Previous mayors have refused pleas from members of Congress to open up the WTC files, saying they would turn over the materials if the city was given immunity from lawsuits. But any legal liability exposure was capped at $350 million by Congress in November 2001 and the World Trade Center Captive Insurance Company, which is controlled by City Hall, still has hundreds of millions dollars supplied by the feds to pay out claims.
And there is hardly anyone who can sue. Everyone who received money from the September 11th Victim Compensation Fund administered by the Department of Justice cannot sue. However, still the mayors refused.
This column suggested using the state Freedom of Information Law, requests which were duly filed by Ben Chevat of 9/11 Health Watch. When the FOILs were denied, his pro bono lawyers Andrew Carboy and Matt McCauley sued the city.
The City Council, using powers granted under the City Charter, ordered the Department of Investigation to produce a report on the hidden WTC records. That prompted one agency, the Department of Environmental Protection, to provide some records after telling the court they had nothing. The documents were largely not significant, however in those DEP boxes there is a memo from the assistant chief of the Law Department’s World Trade Center Unit, which was created in the fall of 2002.

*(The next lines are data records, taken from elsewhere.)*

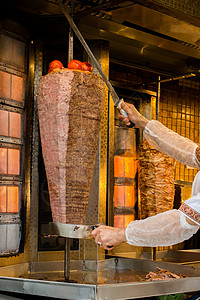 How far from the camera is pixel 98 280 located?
3016mm

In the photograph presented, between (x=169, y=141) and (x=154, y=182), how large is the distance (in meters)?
1.52

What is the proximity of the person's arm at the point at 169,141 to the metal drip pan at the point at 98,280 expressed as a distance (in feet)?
2.27

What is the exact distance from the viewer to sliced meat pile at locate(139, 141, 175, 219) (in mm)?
4160

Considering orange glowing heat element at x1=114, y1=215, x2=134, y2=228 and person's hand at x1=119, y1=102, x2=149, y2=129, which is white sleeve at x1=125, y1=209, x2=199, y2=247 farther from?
orange glowing heat element at x1=114, y1=215, x2=134, y2=228

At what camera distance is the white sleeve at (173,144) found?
2598 millimetres

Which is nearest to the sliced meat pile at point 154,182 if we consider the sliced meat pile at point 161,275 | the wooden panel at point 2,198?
the sliced meat pile at point 161,275

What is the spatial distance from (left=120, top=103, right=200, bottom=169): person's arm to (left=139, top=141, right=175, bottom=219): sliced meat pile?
1.40 metres

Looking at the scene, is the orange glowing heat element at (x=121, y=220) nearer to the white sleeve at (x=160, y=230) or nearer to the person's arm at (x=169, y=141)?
the person's arm at (x=169, y=141)

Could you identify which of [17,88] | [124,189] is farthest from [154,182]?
[17,88]

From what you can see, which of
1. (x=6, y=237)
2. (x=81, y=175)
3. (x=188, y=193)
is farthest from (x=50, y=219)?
(x=188, y=193)

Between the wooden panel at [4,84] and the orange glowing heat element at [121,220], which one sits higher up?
the wooden panel at [4,84]

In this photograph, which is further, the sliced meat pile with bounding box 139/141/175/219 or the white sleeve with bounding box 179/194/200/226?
the sliced meat pile with bounding box 139/141/175/219

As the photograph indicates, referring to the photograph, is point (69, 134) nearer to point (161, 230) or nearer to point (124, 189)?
point (161, 230)

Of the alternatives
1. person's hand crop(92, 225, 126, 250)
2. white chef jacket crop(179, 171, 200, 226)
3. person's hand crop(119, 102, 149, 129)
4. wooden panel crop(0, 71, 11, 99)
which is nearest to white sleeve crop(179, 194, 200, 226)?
white chef jacket crop(179, 171, 200, 226) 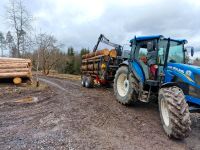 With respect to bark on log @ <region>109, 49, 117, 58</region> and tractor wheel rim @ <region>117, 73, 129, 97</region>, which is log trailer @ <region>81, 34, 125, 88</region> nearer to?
bark on log @ <region>109, 49, 117, 58</region>

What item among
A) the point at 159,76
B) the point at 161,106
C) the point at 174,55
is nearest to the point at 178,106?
the point at 161,106

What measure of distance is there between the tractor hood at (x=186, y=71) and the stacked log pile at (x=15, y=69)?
31.2ft

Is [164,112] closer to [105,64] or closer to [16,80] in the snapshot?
[105,64]

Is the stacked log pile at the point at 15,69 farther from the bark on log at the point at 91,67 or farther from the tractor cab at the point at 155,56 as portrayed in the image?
the tractor cab at the point at 155,56

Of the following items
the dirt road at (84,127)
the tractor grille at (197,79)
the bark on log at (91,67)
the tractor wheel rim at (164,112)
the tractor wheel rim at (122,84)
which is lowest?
the dirt road at (84,127)

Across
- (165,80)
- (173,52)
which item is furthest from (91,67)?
(165,80)

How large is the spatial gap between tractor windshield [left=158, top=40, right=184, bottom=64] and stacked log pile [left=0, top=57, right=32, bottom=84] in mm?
9025

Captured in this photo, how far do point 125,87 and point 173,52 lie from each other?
246cm

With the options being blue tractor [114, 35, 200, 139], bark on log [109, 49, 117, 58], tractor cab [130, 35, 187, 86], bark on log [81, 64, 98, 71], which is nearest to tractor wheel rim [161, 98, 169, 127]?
blue tractor [114, 35, 200, 139]

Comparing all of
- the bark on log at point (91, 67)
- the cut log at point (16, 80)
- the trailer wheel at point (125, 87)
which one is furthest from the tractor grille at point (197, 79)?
the cut log at point (16, 80)

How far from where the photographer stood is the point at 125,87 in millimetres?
8367

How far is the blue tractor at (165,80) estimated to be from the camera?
479 cm

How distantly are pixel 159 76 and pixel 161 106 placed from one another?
116cm

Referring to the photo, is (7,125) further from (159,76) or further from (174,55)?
(174,55) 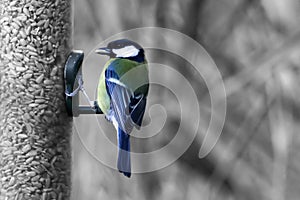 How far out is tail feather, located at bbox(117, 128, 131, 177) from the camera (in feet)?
12.1

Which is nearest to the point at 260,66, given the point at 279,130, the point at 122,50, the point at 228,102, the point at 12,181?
the point at 228,102

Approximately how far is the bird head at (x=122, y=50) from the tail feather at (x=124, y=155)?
30 cm

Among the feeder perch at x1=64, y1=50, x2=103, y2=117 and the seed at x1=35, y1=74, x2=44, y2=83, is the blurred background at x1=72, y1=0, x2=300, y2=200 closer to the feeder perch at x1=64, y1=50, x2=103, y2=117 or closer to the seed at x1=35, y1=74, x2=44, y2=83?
the feeder perch at x1=64, y1=50, x2=103, y2=117

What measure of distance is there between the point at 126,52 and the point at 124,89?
142mm

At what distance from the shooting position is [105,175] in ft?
20.3

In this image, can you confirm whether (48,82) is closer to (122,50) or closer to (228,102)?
(122,50)

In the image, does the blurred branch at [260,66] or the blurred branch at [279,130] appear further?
the blurred branch at [260,66]

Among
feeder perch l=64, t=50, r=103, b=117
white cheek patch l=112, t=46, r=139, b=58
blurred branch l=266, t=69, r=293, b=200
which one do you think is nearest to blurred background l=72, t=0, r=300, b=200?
blurred branch l=266, t=69, r=293, b=200

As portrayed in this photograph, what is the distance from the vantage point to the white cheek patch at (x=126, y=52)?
3863 millimetres

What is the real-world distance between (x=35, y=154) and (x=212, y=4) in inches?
111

The memo says: “These original World Trade Center documents have been collected and scanned by the New York City Law Department. DO NOT DISPOSE OF THESE DOCUMENTS: they must be preserved to serve as evidence in the event future WTC-related legal actions are brought against the City.”
So the Law Department has everything and has had everything for decades.
And there is another memo that just surfaced, written in the weeks after 9/11 and addressed to then-Deputy Mayor Bob Harding, saying that there could be a great many lawsuits.
Carboy noticed that the Harding memo was mentioned in a footnote in the 2006 book “Grand Illusion: The Untold Story of Rudy Giuliani and 9/11” by the late Wayne Barrett and the late Dan Collins. A copy of the Harding memo was just found in Barrett’s papers stored at the Dolph Briscoe Center for American History at the University of Texas at Austin.
That memo, and everything else, is at the Law Department, which has a new boss in Steve Banks, who was confirmed to be corporation counsel by the City Council 42-6 on Thursday. During his confirmation hearing Banks promised transparency on the WTC files. Now that he is in office, he must publish all of it very soon, while redacting only personal info like phone numbers and Social Security numbers.
The Council must fully fund the Department of Investigation to produce its comprehensive report on the city’s knowledge and actions on the WTC terrorist attack’s lingering environmental and health hazards. Mayor Mamdani has now tapped Nadia Shihata to be the new DOI commissioner.
Shihata, a former Brooklyn federal prosecutor, must commit to the Council during her upcoming confirmation hearing to finishing the job started by just-departed DOI Commissioner Jocelyn Strauber to obey the Council mandate to produce the definitive report on the WTC files.